Lets see. If a kilowatt hour costs a dime, and the standard light fixture in my house consumes 50 kilowatts. I would have to replace about 400 hours of light consumption to save $20. It is on the outside of doable. Of course, I can now retask the flourescent bulbs (ie, give them to a charity).

Add that to the fact that I now have a flashlight (with no batteries) I figure it is a pretty big environmental plus.

Anyway, if you are going to participate in the Lights Out program, I believe that the real energy savings comes not simply figuring out how to turn lights out. But figuring out how to turn fewer lights on.

Tuesday, May 01, 2007

Strategic Bio Fuels Reserve

Fidel Castro and Hugo Chavez have been on a major international campaign against the use of ethanol and other forms of bio fuels.
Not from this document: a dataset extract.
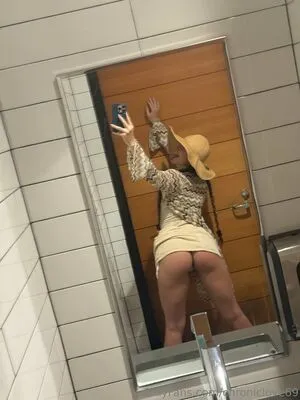 Chroniclove69 OnlyFans Leaked Free Thumbnail Picture - #Ie0r229VDU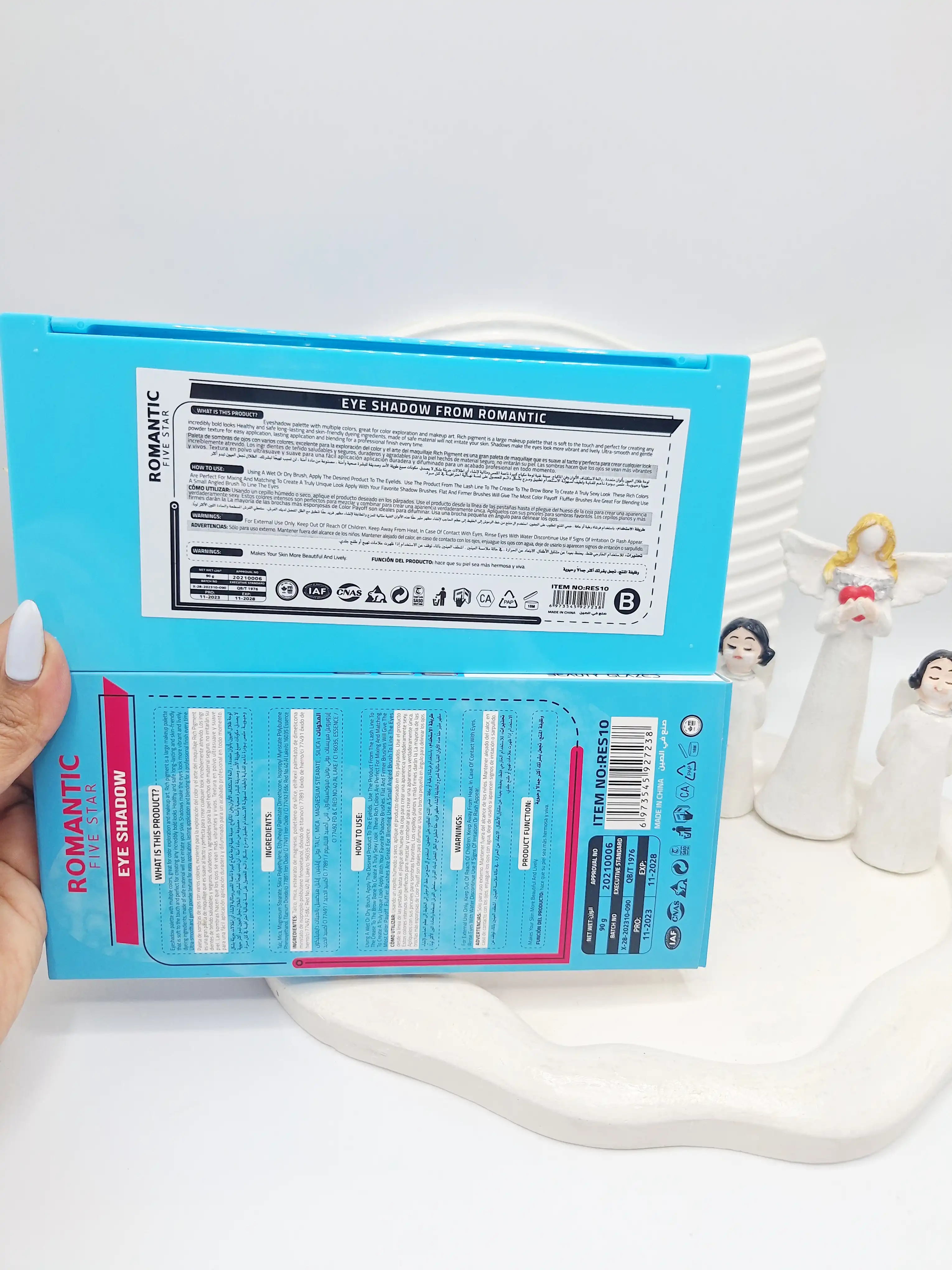 پالت تاشو کتابی 70 رنگ رومانتیک کد 7238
I agree that massive Federal subsidies for ethanol production will likely run astray. Federal subsidies have a history of creating false economies. Subsidies tend to concentrate wealth in the hands of a few politically connected people. Subsidies also tend to mask market signals. In other words, like most big government programs, subsidies lead to a false economy where a very small number of extremely rich people make questionable decisions based on bad information.
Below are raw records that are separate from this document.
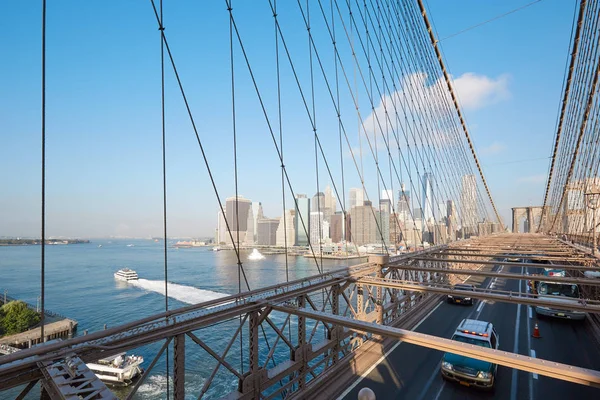 Brooklyn Bridge z przechodzącej Zobacz samochody i panoramę Nowego Jorku — Zdjęcie stockowe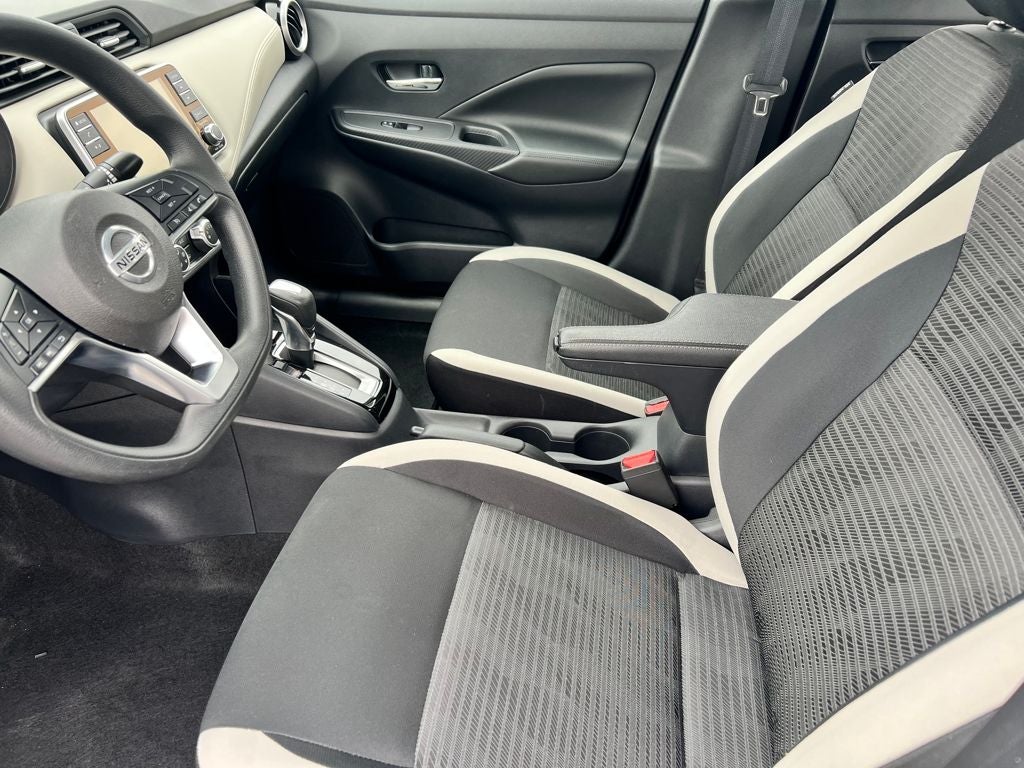 2020 Nissan Versa SV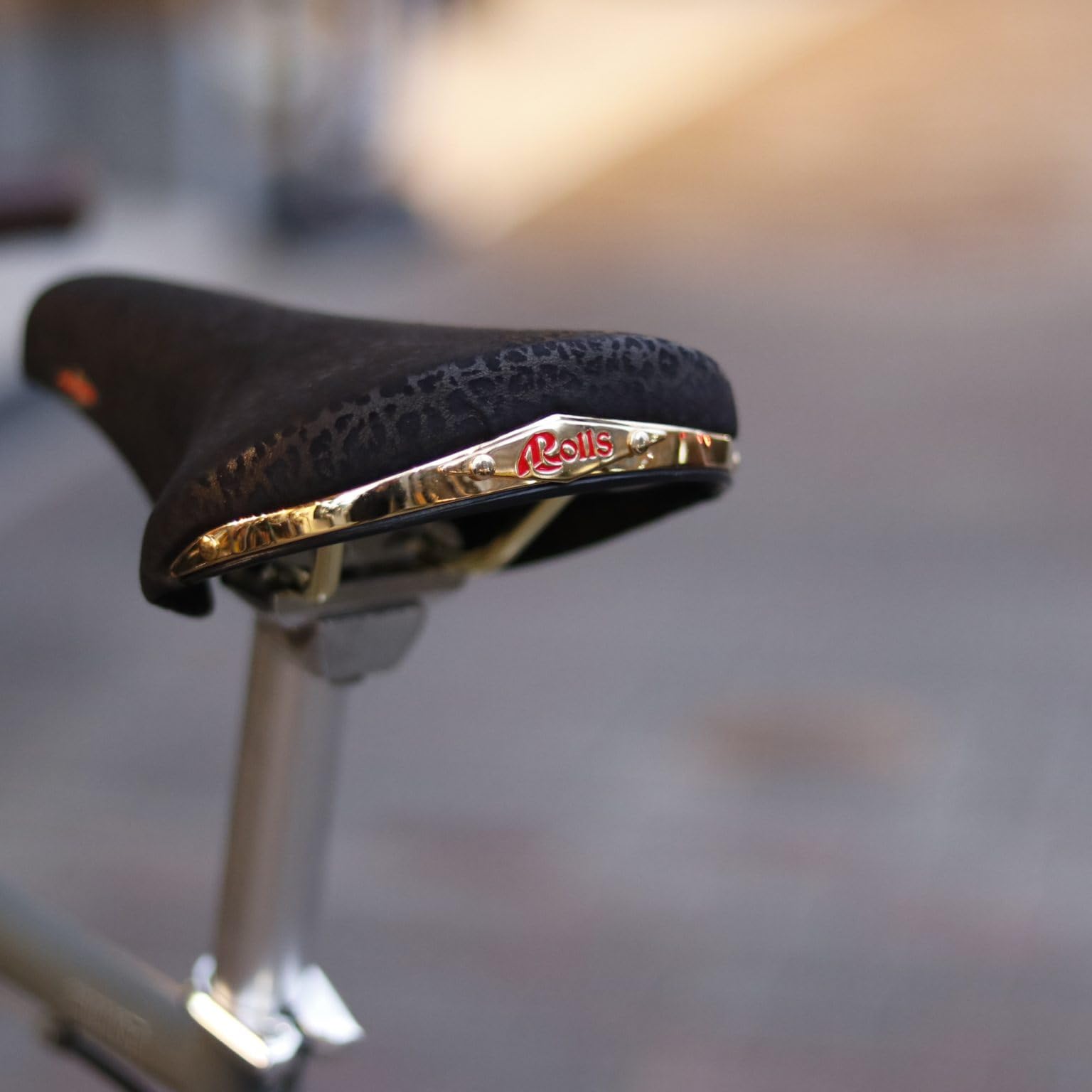 selle-san-marco-rolls-sella-bici-vintage-bottega-pelle-l1-nero-oro image 7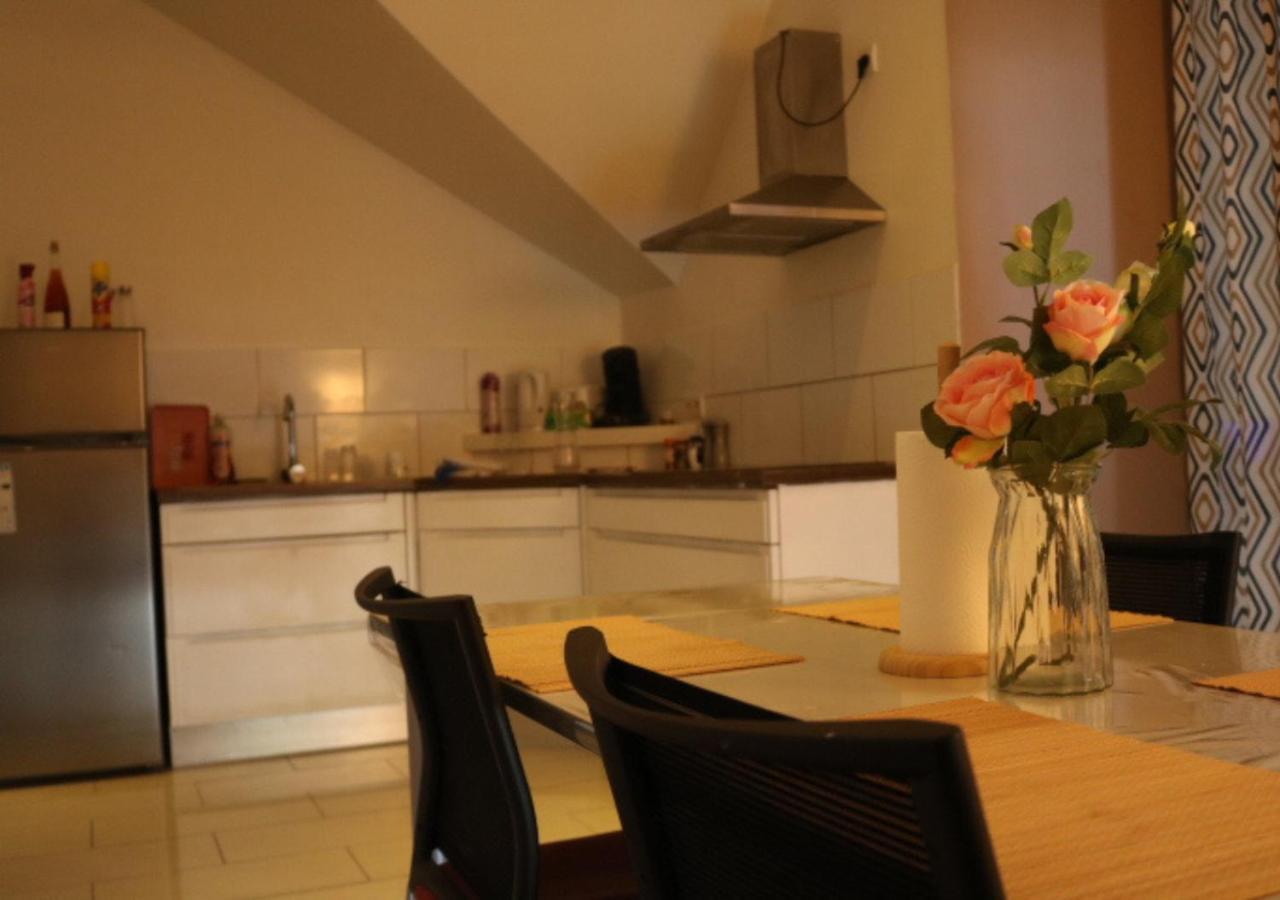 Le Wolf - 1 Chambre Dans Un T3 - 5Mn Tram Du Centre Ville - 15Mn Tram Gare Tgv Mulhouse - Wifi - Parking Luaran gambar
In such a world, it is highly likely that the government program would divert food resources from the mouths of babes into the belly of the machine.

Although it is likely that the proposed ethanol subsidies will be little more than an expensive boondoggle, I believe it is possible for the government to support ethanol production without messing up the market. It is even possible that for a government to support ethanol without hurting the food supply.
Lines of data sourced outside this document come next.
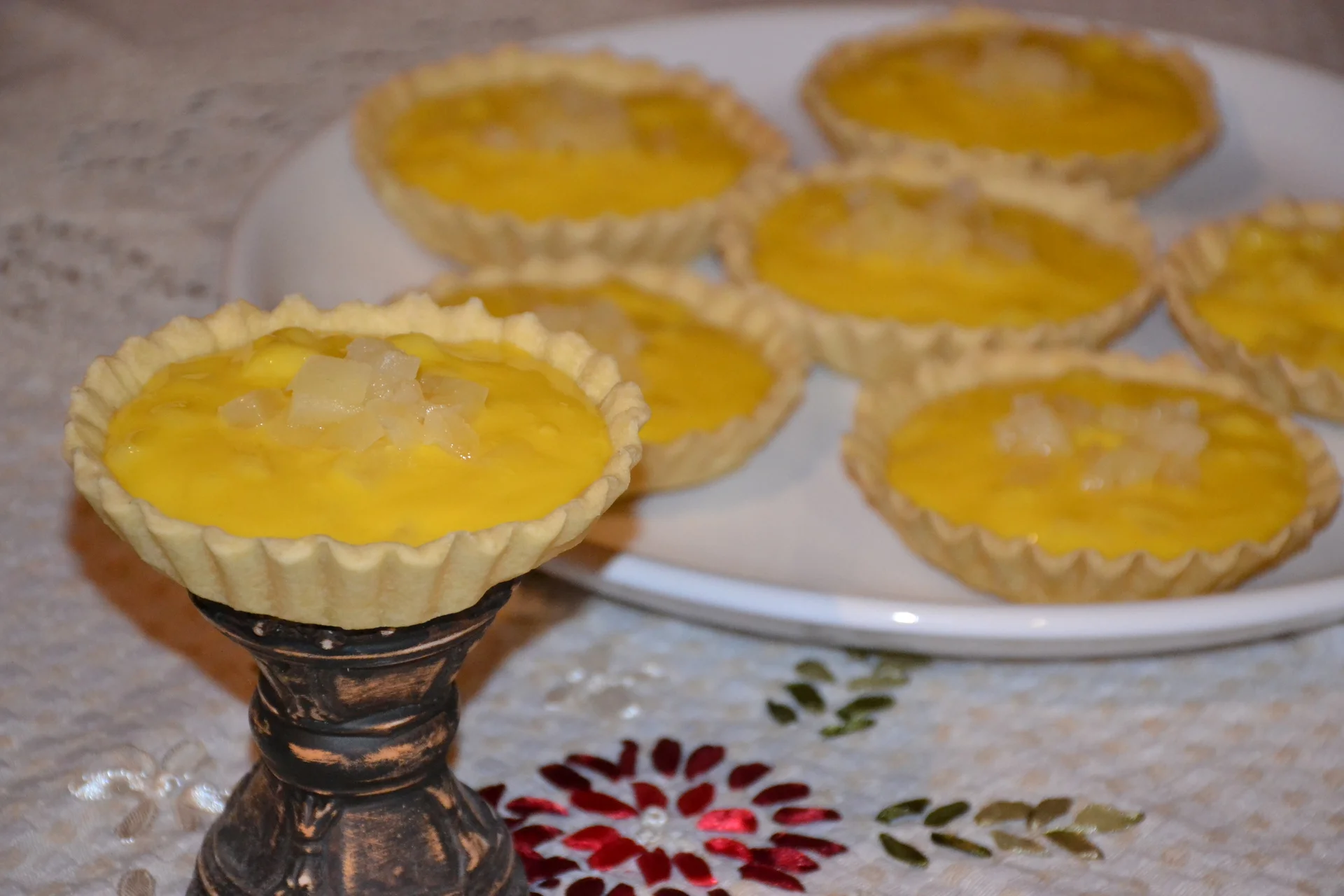 Mini tarts with pineapple and mint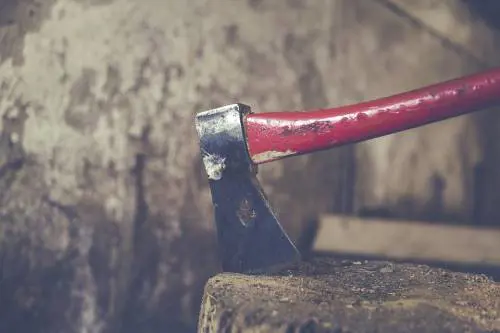 Marocchino rapina un uomo con l'ascia: doveva trovarsi ai domiciliari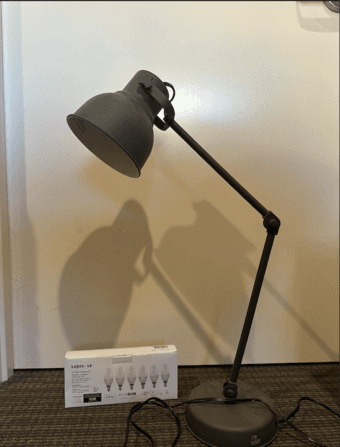 Lightly used desk lamp with bulbs 1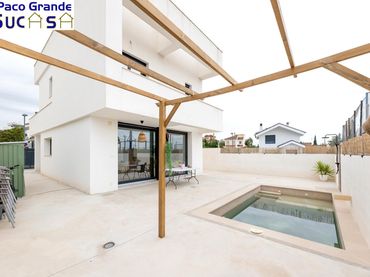 Haus mit Pool zum Verkauf in Calle IGUALDAD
The challenge with the food supply is that the food supply is controlled by the weather. In years of famine, there is insufficient supply of food. Prices rise, and the amount of food stored decreases. Interestingly, the years of abundance are often worse for farmers than years of famine. In years of abundance, the market is flooded with food, and prices drop as farmers try to unload perishables in a crowded market.

To help even out this unpredictable market ruled by feast or famine, the United States government has all sorts of subsidies, price controls and tariffs in place.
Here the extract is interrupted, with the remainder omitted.